Keywords: Numerics, Clang, LLVM-IR, : 2019 LLVM Developers' Meeting, LLVMDevMtg.

The goal of this blog post is to start a discussion about numerics in LLVM – where we are, recent work and things that remain to be done.  There will be an informal discussion on numerics at the 2019 EuroLLVM conference next month. One purpose of this blog post is to refresh everyone's memory on where we are on the topic of numerics to restart the discussion.

In the last year or two there has been a push to allow fine-grained decisions on which optimizations are legitimate for any given piece of IR.  In earlier days there were two main modes of operation: fast-math and precise-math.  When operating under the rules of precise-math, defined by IEEE-754, a significant number of potential optimizations on sequences of arithmetic instructions are not allowed because they could lead to violations of the standard.  

For example: 

The Reassociation optimization pass is generally not allowed under precise code generation as it can change the order of operations altering the creation of NaN and Inf values propagated at the expression level as well as altering precision.  

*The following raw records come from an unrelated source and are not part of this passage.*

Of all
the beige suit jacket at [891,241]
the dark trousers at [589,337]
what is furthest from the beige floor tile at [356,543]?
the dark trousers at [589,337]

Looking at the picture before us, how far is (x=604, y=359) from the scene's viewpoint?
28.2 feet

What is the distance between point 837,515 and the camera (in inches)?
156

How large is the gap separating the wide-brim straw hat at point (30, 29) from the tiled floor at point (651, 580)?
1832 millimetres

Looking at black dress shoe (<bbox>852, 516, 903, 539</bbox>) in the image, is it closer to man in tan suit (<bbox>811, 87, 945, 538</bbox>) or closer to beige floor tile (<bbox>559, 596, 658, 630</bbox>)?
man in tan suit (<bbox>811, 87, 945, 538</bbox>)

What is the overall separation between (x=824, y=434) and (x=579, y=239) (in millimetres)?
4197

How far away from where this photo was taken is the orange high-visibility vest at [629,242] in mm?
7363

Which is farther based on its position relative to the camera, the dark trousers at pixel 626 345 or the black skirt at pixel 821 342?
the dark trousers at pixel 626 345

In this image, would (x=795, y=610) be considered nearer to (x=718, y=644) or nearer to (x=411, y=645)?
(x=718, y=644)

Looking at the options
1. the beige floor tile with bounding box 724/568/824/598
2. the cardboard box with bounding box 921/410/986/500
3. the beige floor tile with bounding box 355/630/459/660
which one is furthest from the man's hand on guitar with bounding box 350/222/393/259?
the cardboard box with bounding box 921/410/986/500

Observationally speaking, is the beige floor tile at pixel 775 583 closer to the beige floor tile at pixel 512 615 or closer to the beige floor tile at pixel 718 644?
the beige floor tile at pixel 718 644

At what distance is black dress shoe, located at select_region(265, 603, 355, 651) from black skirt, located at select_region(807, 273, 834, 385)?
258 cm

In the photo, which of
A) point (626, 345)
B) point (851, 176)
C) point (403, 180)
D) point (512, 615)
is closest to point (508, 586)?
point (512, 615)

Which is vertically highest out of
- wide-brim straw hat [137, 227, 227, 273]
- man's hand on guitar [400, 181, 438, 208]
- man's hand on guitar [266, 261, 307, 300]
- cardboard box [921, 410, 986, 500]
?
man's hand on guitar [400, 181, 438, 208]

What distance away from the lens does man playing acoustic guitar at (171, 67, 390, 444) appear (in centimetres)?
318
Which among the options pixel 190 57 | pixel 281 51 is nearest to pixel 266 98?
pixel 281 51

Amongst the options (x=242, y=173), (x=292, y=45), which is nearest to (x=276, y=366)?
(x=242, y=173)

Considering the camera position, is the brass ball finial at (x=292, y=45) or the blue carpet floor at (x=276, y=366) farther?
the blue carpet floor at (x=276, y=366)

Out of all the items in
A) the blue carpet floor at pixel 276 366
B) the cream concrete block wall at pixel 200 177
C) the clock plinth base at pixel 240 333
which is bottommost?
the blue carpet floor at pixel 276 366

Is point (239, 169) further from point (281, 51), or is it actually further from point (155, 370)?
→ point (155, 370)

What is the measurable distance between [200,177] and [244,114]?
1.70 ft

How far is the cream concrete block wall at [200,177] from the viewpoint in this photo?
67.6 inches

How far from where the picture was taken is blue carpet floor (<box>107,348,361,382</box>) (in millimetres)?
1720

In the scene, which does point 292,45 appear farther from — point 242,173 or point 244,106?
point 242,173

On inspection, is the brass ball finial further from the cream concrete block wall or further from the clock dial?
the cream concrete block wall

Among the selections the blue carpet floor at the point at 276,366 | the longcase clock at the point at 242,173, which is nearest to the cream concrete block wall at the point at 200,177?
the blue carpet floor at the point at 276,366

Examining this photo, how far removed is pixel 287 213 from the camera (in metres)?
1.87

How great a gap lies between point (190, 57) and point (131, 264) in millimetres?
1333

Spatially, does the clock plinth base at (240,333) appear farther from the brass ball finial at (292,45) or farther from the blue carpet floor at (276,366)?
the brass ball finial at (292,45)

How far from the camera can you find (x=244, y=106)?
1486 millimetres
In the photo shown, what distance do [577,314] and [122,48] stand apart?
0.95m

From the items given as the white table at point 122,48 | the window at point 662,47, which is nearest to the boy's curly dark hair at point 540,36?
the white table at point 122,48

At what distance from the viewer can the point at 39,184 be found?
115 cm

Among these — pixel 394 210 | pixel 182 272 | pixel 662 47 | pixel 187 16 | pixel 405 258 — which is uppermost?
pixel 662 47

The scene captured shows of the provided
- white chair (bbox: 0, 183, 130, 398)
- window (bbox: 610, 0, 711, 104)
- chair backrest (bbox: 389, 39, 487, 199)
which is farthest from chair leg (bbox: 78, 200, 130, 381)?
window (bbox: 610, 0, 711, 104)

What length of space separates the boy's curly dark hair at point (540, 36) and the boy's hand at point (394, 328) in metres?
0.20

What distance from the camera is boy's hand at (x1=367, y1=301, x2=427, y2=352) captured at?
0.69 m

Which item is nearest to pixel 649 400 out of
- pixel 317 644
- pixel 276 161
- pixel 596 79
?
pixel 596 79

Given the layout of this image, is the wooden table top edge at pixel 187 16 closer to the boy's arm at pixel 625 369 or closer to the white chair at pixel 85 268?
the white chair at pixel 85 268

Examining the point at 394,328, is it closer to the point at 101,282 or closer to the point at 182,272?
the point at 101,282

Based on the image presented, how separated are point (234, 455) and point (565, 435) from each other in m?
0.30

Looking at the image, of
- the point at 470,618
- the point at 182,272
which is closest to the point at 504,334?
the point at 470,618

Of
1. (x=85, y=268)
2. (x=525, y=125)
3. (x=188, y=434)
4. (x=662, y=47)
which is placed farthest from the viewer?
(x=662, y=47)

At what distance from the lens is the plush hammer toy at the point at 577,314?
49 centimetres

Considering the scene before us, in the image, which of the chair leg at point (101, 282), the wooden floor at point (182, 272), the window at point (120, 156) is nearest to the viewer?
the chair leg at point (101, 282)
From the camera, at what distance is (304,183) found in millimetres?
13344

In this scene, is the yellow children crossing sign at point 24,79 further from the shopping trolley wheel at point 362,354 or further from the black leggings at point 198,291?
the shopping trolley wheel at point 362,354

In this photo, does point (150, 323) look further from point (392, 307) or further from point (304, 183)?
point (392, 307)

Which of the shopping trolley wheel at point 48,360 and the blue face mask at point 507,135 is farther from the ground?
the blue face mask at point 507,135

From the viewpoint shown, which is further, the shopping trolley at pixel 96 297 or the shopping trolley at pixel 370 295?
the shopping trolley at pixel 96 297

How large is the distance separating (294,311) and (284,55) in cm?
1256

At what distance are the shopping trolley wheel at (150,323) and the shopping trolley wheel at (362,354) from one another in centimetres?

Precise code generation is often overly restrictive, so an alternative fast-math mode is commonly used where all possible optimizations are allowed, acknowledging that this impacts the precision of results and possibly IEEE compliant behavior as well.  In LLVM, this can be enabled by setting the unsafe-math flag at the module level, or passing the -funsafe-math-optimizations to clang which then sets flags on the IR it generates.  Within this context the compiler often generates shorter sequences of instructions to compute results, and depending on the context this may be acceptable.  Fast-math is often used in computations where loss of precision is acceptable.  For example when computing the color of a pixel, even relatively low precision is likely to far exceed the perception abilities of the eye, making shorter instruction sequences an attractive trade-off.  In long-running simulations of physical events however loss of precision can mean that the simulation drifts from reality making the trade-off unacceptable.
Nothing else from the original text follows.